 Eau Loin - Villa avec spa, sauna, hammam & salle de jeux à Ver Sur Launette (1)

==

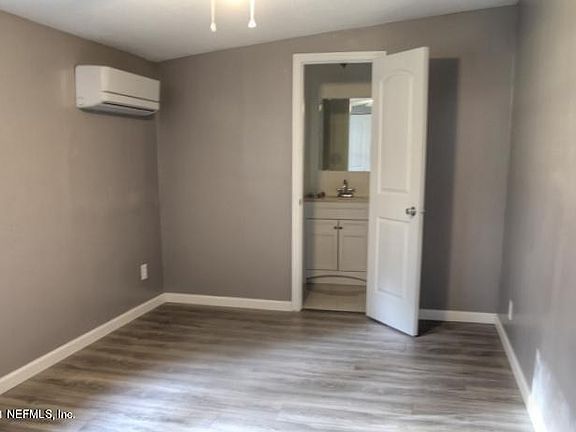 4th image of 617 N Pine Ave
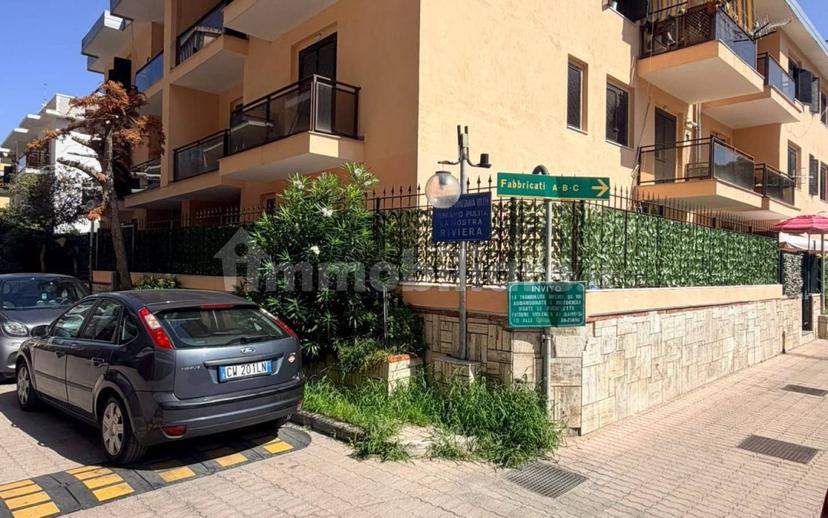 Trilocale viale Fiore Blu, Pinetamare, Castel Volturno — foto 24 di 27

▶ _Problem requirements_: Although the records hold pictures, the copy must not; give again exactly the lines from the one with "4th image of 617 N Pine Ave" through the one with "Trilocale viale Fiore".

▶ _Result of this task_:
 4th image of 617 N Pine Ave
 Trilocale viale Fiore Blu, Pinetamare, Castel Volturno — foto 24 di 27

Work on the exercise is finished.